MSD transitions from ballistic to diffusive behavior.

Effective velocity depends on density and initial pulse shape.

Normal diffusion is recovered at long times after a density-dependent crossover.

Abstract

Modelling the propagation of a pulse in a dense {\em milieu} poses fundamental challenges at the theoretical and applied levels. To this aim, in this paper we generalize the telegraph equation to non-ideal conditions by extending the concept of persistent random walk to account for spatial exclusion effects. This is achieved by introducing an explicit constraint in the hopping rates, that weights the occupancy of the target sites. We derive the mean-field equations, which display nonlinear terms that are important at high density.

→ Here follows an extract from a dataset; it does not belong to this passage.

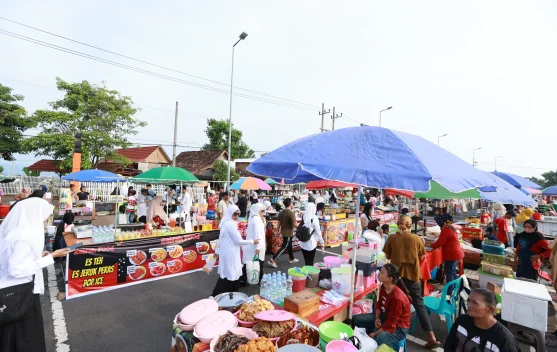 Jajanan di Takjil Banyuwangi Dipastikan Aman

We compute the evolution of the mean square displacement (MSD) for pulses belonging to a specific class of spatially symmetric initial conditions. The MSD still displays a transition from ballistic to diffusive behaviour. We derive an analytical formula for the effective velocity of the ballistic stage, which is shown to depend in a nontrivial fashion upon both the density (area) and the shape of the initial pulse. After a density-dependent crossover time, nonlinear terms become negligible and normal diffusive behaviour is recovered at long times.